A complete characterization of the San Fernando meshes is contained in
doc/cmu-cs-96-141.ps:
D. O'Hallaron and J. Shewchuk, "Properties of a Family of Parallel
Finite Element Simulations", Tech. Rep. CMU-CS-96-141, School of
Computer Science, Carnegie Mellon University, 1996. (also available
from www.cs.cmu.edu/~quake/papers.html).
--------------------------------------------------------------------
7. Compiling and running the kernels
--------------------------------------------------------------------
The programs are meant to run on many different machines, and thus are
written in vanilla C with only basic Unix library calls. See the
makefiles for examples of how to build the programs.
Each program accepts a -h command line argument that provides
details about the other command line arguments. Example:
% smv -h
Smv, lmv, and rmv must use packfiles that are partitioned into exactly
1 subdomain. Example:
% lmv ../inputs/sf5.1.pack (correct)
% lmv ../inputs/sf5.4.pack (incorrect)
Lmv and rmv can run with an arbitrary number of threads, which is
specified on the command line. Example with 8 threads:
% rmv -t8 ../inputs/sf5.1.pack
For mmv and hmv, the number of threads is determined by the number
of subdomains in the packfile. Example with 8 threads:
% hmv ../inputs/sf5.8.pack
The number of iterations is controlled with the -i flag:
% rmv -i10 ../inputs/sf5.1.pack
The programs output some simple performance results on stderr:
% smv: packfile mflops secs mflops/secs
mflops is millions of floating point operations for one SMVP. secs is
the time for one SMVP. mflops/secs is the usual MFLOPS rate.
% lmv: packfile threads locks mflops secs mflops/sec [min/max/%]
min (max) is the least (most) number of matrix nonzeros assigned to
any thread. % is (min/max * 100). This is a sanity check to ensure
that the computation is reasonably well load balanced.
% rmv: packfile threads locks mflops secs [comp/comm/%]
mflops/secs [min/max/%]
comm is the time spent reducing the vectors to a single vector.
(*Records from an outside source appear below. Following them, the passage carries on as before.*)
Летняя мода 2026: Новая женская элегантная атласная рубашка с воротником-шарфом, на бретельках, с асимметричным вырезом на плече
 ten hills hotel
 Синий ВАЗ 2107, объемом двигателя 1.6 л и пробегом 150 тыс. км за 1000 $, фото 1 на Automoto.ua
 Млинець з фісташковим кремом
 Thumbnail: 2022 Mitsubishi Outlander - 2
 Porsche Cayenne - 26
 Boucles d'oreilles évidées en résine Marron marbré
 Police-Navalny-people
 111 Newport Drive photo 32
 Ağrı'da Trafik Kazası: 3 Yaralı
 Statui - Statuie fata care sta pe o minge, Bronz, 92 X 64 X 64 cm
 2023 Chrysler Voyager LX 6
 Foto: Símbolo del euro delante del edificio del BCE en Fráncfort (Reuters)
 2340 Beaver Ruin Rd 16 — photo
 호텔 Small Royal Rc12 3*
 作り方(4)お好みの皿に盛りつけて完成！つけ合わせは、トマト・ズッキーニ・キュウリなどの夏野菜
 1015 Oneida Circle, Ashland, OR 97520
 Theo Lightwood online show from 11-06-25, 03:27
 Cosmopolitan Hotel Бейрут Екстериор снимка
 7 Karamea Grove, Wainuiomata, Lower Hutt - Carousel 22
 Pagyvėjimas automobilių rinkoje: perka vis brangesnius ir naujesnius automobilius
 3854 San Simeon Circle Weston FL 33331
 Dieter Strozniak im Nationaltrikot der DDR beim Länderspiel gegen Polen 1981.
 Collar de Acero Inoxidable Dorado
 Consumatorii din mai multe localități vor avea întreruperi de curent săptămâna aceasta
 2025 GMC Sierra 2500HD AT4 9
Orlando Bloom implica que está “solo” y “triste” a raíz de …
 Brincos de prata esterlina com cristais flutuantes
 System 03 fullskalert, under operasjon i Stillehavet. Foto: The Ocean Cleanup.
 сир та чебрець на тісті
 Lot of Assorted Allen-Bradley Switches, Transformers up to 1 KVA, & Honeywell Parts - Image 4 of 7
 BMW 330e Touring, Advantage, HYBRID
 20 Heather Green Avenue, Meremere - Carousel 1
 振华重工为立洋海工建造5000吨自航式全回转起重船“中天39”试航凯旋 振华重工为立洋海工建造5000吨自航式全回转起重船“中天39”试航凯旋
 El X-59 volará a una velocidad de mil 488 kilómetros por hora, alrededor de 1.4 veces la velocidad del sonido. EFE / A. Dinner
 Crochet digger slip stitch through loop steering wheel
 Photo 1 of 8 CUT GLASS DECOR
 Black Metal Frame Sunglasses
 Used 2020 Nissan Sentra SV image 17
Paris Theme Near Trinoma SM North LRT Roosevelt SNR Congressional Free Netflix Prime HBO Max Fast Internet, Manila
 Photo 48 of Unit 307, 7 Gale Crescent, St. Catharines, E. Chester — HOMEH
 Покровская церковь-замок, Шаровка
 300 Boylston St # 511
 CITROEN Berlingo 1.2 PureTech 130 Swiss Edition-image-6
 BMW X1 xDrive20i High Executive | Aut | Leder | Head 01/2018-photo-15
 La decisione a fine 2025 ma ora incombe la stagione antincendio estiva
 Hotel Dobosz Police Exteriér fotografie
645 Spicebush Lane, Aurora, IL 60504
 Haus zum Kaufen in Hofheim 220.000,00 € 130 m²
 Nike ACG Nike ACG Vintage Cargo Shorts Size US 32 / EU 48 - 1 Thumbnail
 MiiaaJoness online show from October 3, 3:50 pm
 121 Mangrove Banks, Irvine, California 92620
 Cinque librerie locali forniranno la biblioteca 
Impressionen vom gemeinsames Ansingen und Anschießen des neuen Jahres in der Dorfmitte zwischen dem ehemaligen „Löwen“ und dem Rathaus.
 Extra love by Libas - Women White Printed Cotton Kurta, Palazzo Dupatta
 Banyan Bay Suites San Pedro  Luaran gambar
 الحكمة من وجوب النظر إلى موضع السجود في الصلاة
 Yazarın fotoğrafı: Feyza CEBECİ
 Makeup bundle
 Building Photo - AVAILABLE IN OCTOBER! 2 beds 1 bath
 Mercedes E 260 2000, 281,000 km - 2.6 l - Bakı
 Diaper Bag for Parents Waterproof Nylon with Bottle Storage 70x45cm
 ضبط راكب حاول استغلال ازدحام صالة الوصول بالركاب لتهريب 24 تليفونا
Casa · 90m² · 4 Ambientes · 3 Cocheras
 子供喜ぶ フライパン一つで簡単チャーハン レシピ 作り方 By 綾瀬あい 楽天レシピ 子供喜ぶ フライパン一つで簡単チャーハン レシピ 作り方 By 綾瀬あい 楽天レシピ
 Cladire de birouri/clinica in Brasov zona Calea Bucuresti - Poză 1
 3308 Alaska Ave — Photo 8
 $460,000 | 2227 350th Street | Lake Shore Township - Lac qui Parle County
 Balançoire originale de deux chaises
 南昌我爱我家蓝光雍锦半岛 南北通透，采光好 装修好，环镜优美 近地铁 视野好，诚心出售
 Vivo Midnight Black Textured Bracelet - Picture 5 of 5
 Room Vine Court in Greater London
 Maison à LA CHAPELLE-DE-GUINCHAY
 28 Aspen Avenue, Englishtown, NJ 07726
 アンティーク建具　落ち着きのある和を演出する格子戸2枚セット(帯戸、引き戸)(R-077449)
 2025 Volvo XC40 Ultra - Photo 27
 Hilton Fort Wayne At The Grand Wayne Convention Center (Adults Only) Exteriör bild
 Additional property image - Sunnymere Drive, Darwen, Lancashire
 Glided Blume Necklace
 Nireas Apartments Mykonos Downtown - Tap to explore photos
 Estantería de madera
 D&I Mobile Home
comp is the time spent doing everything else. % is (comp/secs)*100.
% mmv: packfile mflops secs [comp/comm/%] mflops/secs [min/max/%]
% hmv: packfile mflops secs [comp/comm/%] mflops/secs [min/max/%]
comm is the time spent assembling the partially assembled output
vectors. comp is the time spent doing everything else. % is
(comp/secs)*100.
--------------------------------------------------------------------
8. Notes
--------------------------------------------------------------------
Note: Mmv and hmv perform slightly more flops than the other programs
because of overlap on the boundaries of the partitions. Unfortunately
it isn't possible to recover at runtime the number of flops in the
baseline sequential case from the information in the partitioned
packfiles. Thus the reported Mflops/sec rates between smv/lmv/rmv and
mmv/hmv are not exactly comparable; mmv and hmv will tend to slightly
overstate their Mflops/sec rates relative to smv, lmv, and rmv.
However, because the number of nodes on the boundaries of subdomains
is small relative to the number of nodes in the interiors of
subdomains, the Mflops/sec numbers are fine for rough qualitative
comparisons.
Note: If you need exactly comparable Mflops/sec rates for mmv and hmv,
these can be computed by hand using the Mflops number reported by smv
and the elapsed time reported by mmv or hmv.
Note: The flops performed by rmv during its reduction are NOT counted,
thus its reported Mflops/sec rates can be compared directly to those
reported by smv and lmv.
~~